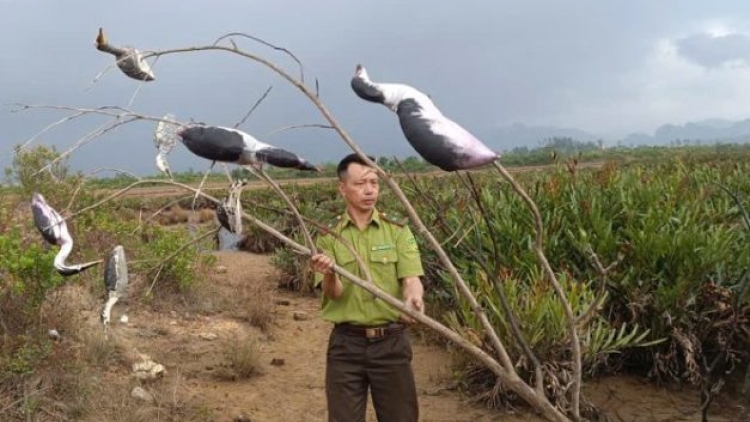 Cục Lâm nghiệp và Kiểm lâm kiểm tra các khu vực trọng điểm về bẫy bắt chim cư tại Quảng Ninh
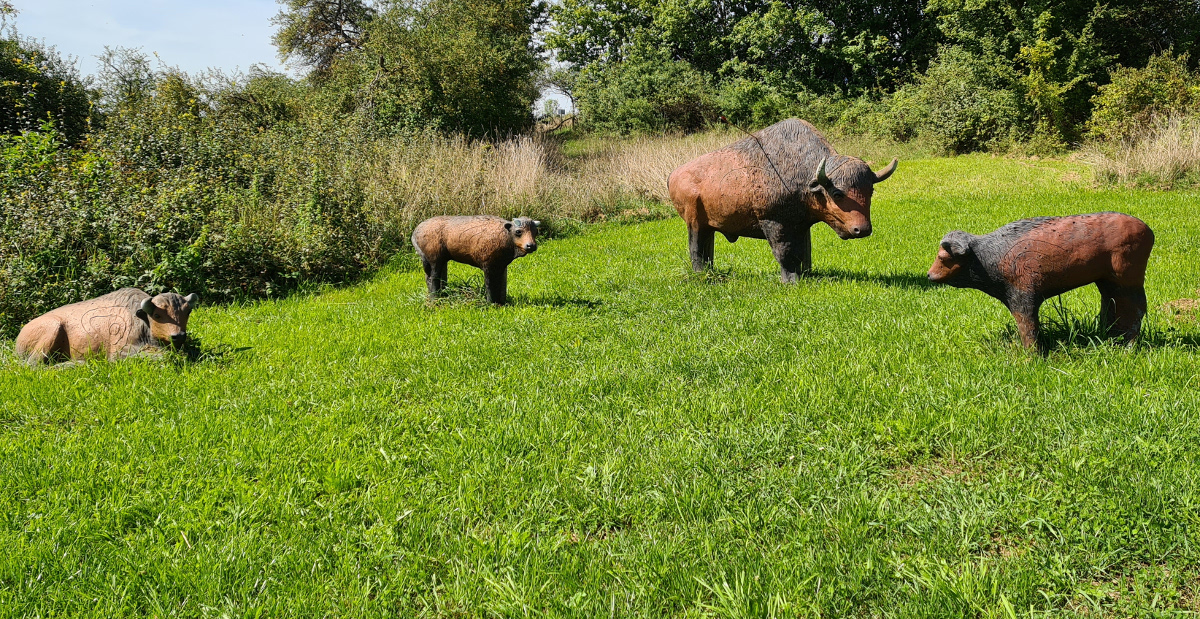 Colemen Traditionell intuitiv Bogenschießen, 3D Bogenparcours Eigeltingen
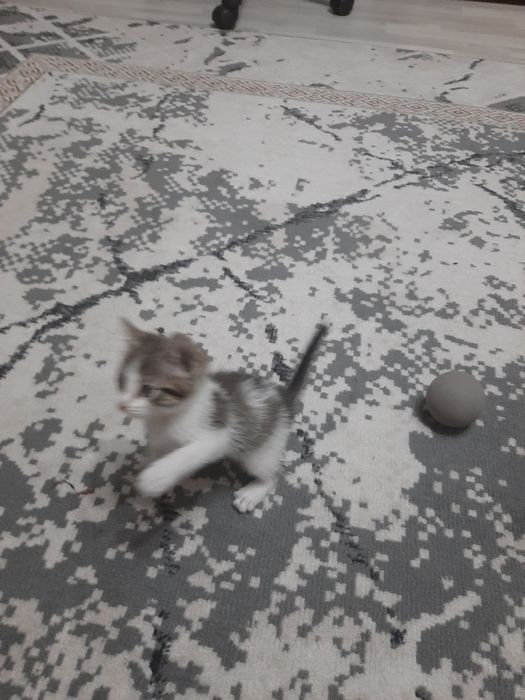 Отдам в добрые руки котёнка.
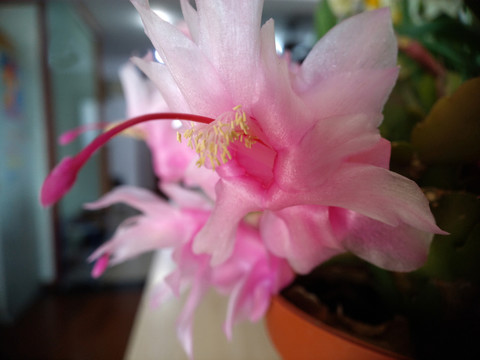 蟹爪蘭花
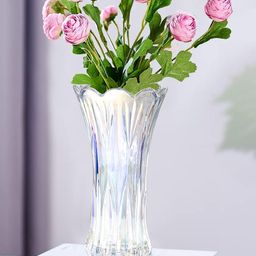 Ekhasa Transparent Glass Flower Vase-2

####################

TASK DETAILS
Repeat every entry above exactly as written and omit any pictures it holds.

WRITTEN RESPONSE
 Cục Lâm nghiệp và Kiểm lâm kiểm tra các khu vực trọng điểm về bẫy bắt chim cư tại Quảng Ninh
 Colemen Traditionell intuitiv Bogenschießen, 3D Bogenparcours Eigeltingen
 Отдам в добрые руки котёнка.
 蟹爪蘭花
 Ekhasa Transparent Glass Flower Vase-2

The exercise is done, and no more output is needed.